** Opening DATA FOR THIS EXERCISE block **
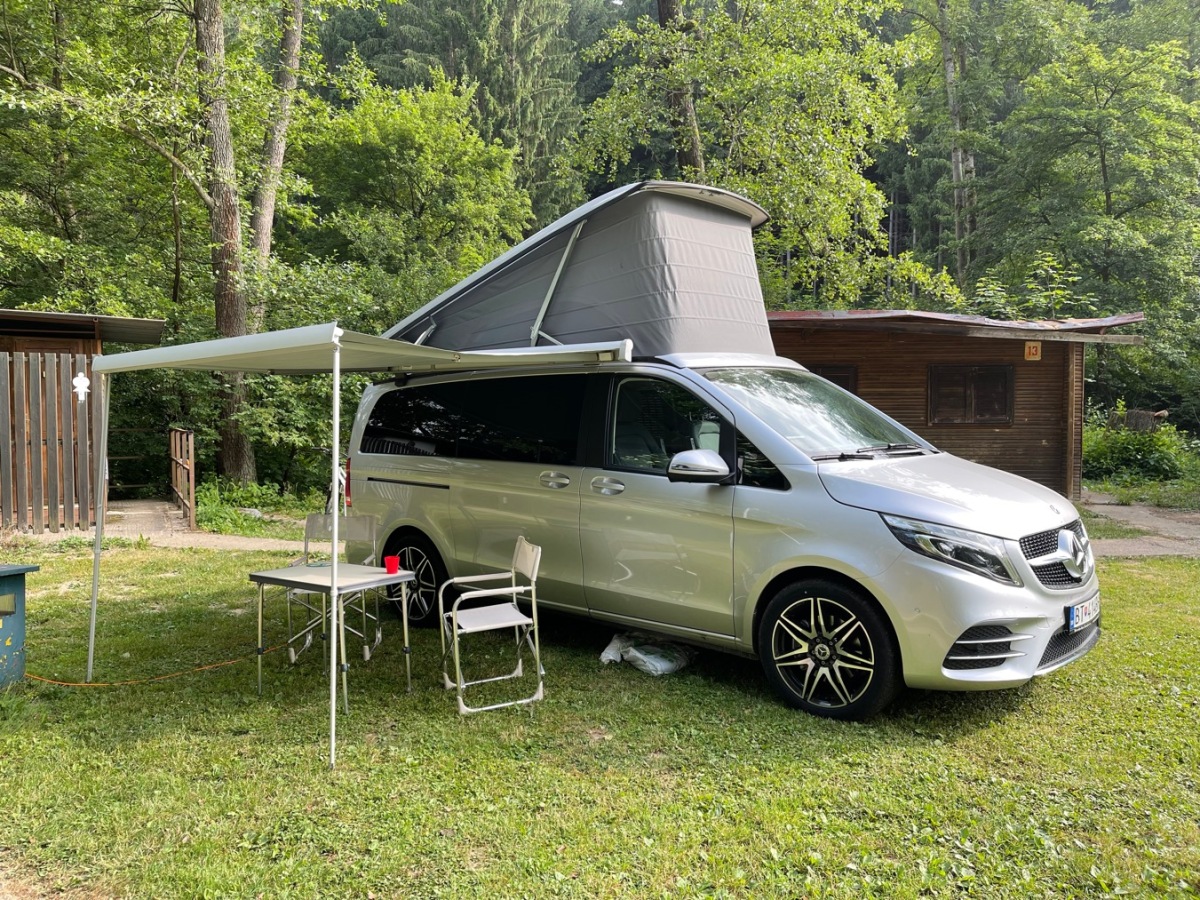 Mercedes Marco Polo V 300d 4Matic (2021)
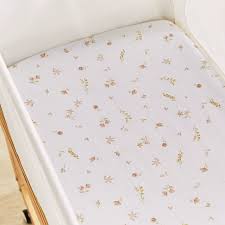 CuddleCo Universal Crib/ Co Sleeper Sheets 2pk - Cashmere Meadow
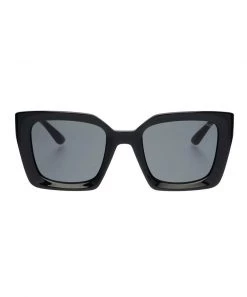 She She Boutique Freyrs Coco Sunglasses - Black ACCESSORIES
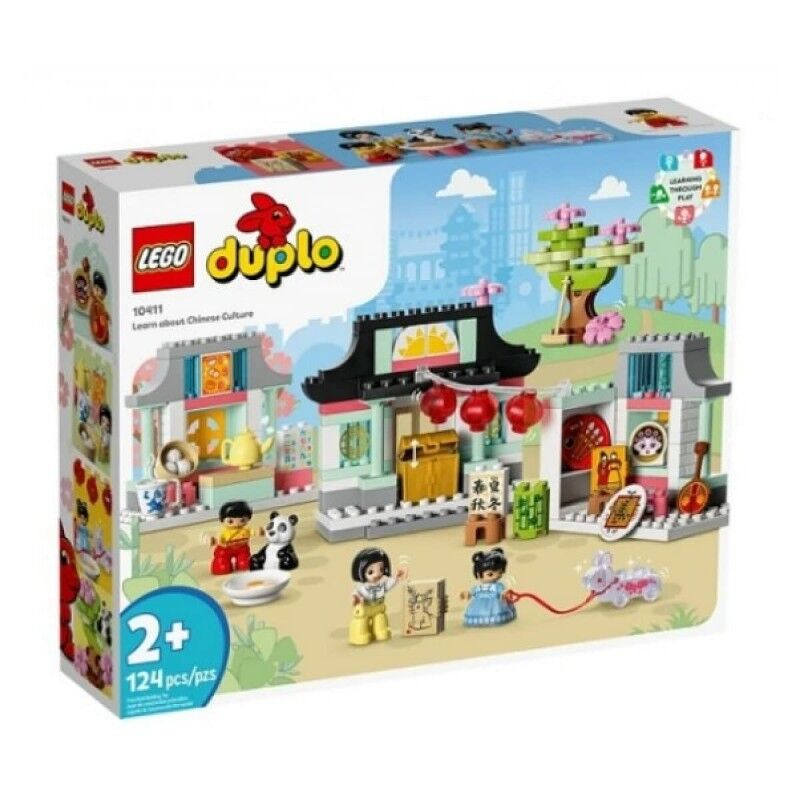 Lego|Jogo de Construção Lego 10411 China 124 Peças Lego|Jogo de Construção Lego 10411 China 124 Peças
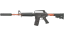 M4A1-S | Nitro (Field-Tested) 缩略图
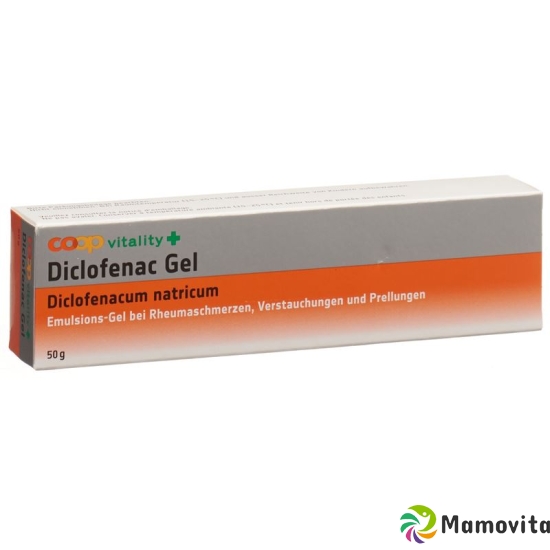 Coop Vitality Diclofenac Gel 10mg/g Tube 50g buy online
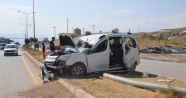 Hakkari’de trafik kazası: 5 yaralı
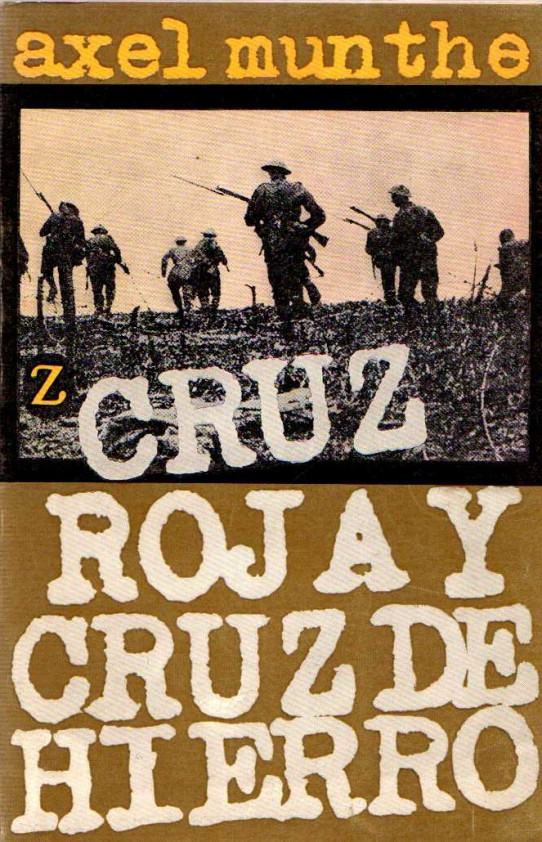 CRUZ ROJA Y CRUZ DE HIERRO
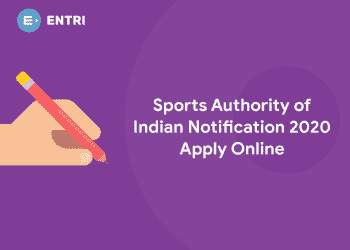 Sports Authority of Indian Notification 2020 Apply Online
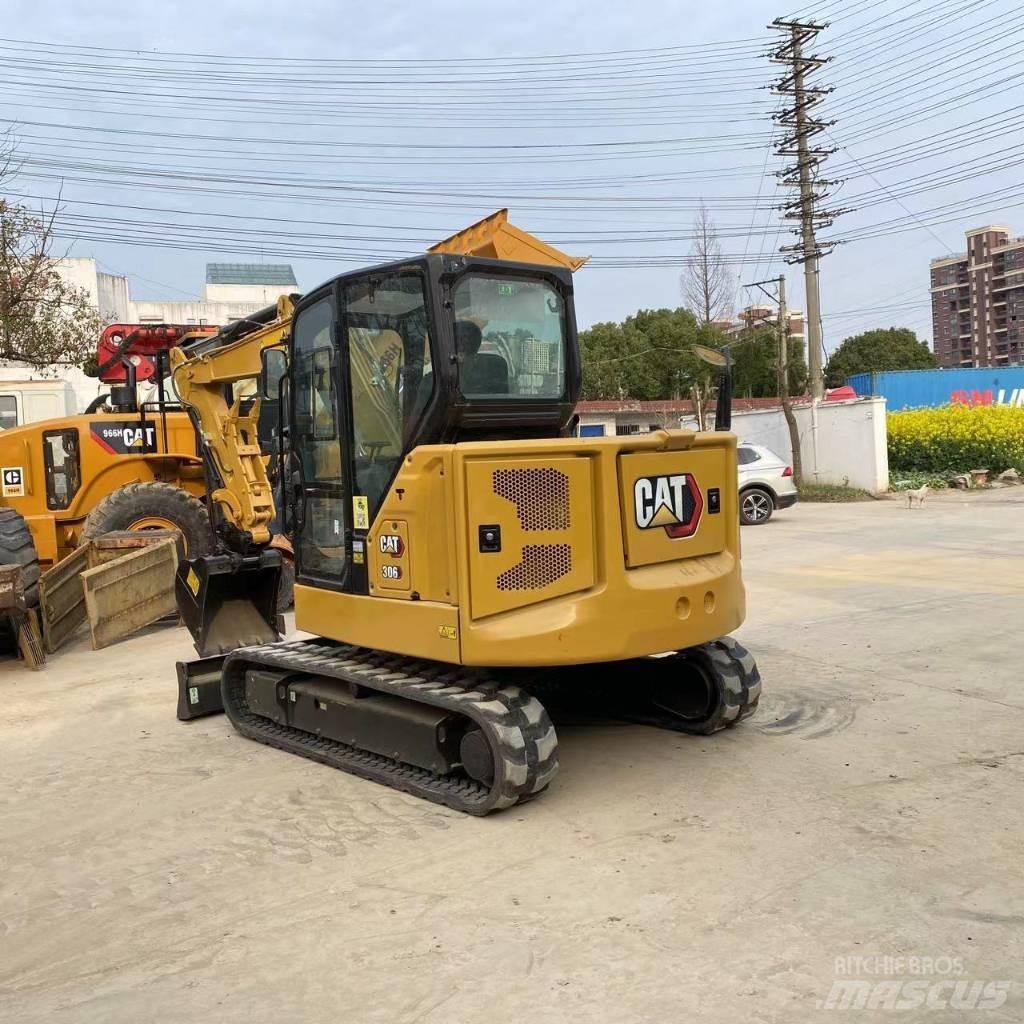 CAT 306 Міні-екскаватори < 7т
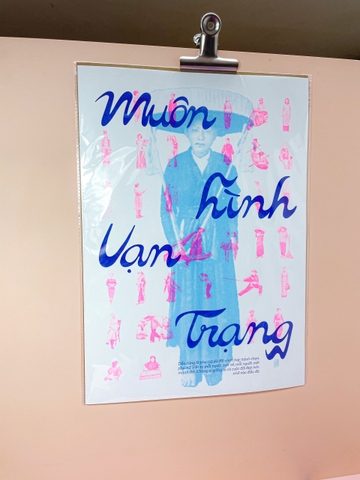 Poster muôn hình vạn trạng Lộn Xộn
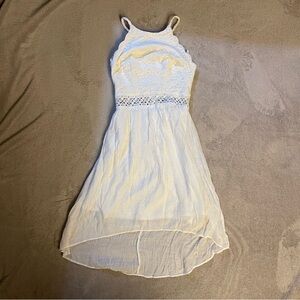 BCX Ivory Lace Kids Formal Dress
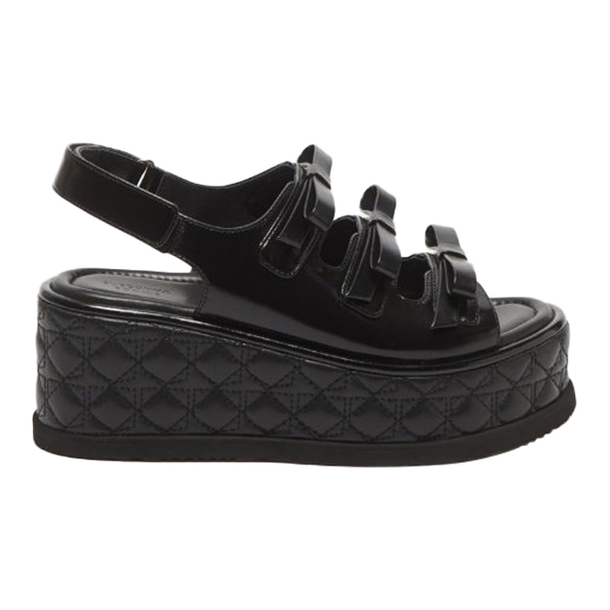 ★SUECOMMA BONNIE★ Buckle sandalcamel DG2AM25016CML Lotte Duty Free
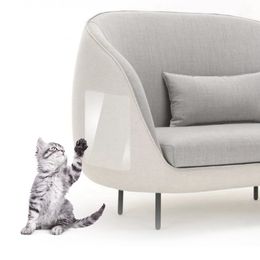 2pcs set Cat Scratching Guard Sofa Protector Anti-scratch Pad Couch Guard Mat Cats Scratching Pads Home Furniture HHA1070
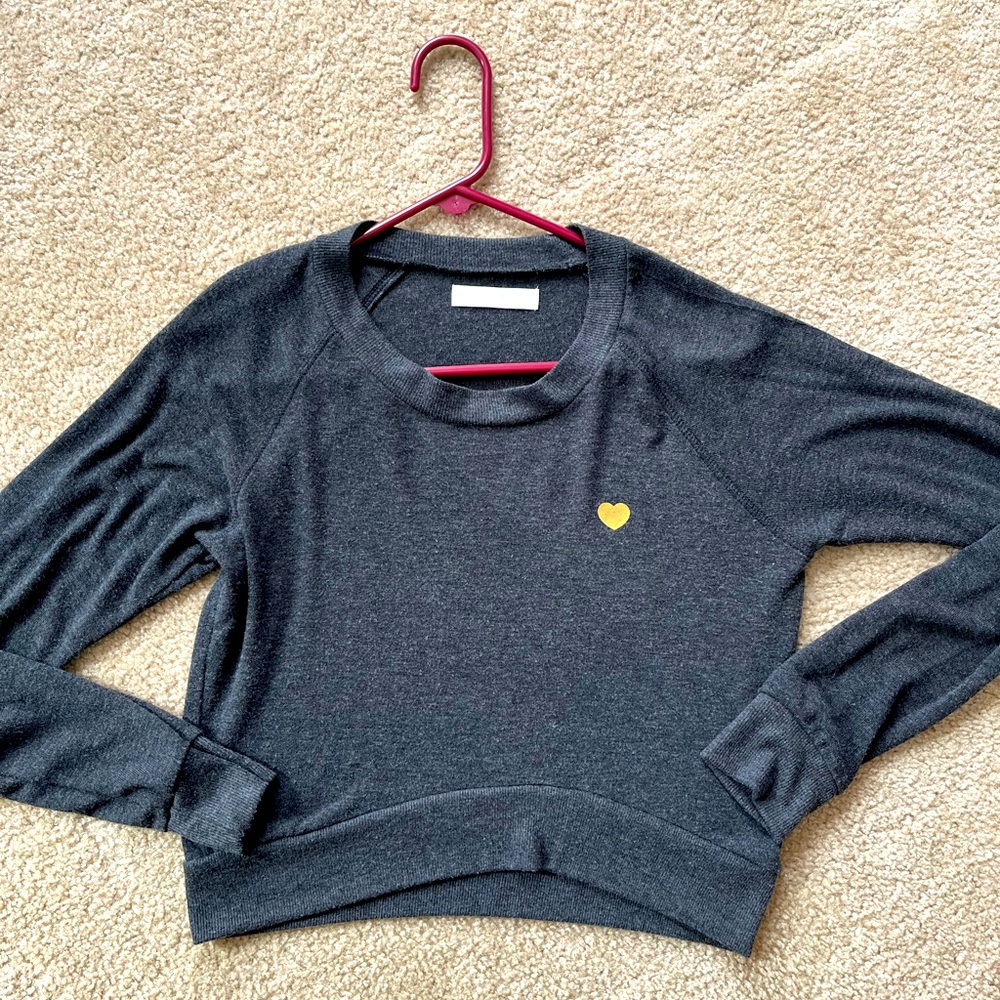 Crop sweater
** Closing DATA FOR THIS EXERCISE block **
## [TASK TO CARRY OUT]
Restate, exactly as they appear, the line with "Poster muôn hình vạn trạng Lộn Xộn" and all the lines after it up to the end of the data above; images do not belong in the copy.

## [ANSWER FOR THIS EXERCISE]
 Poster muôn hình vạn trạng Lộn Xộn
 BCX Ivory Lace Kids Formal Dress
 ★SUECOMMA BONNIE★ Buckle sandalcamel DG2AM25016CML Lotte Duty Free
 2pcs set Cat Scratching Guard Sofa Protector Anti-scratch Pad Couch Guard Mat Cats Scratching Pads Home Furniture HHA1070
 Crop sweater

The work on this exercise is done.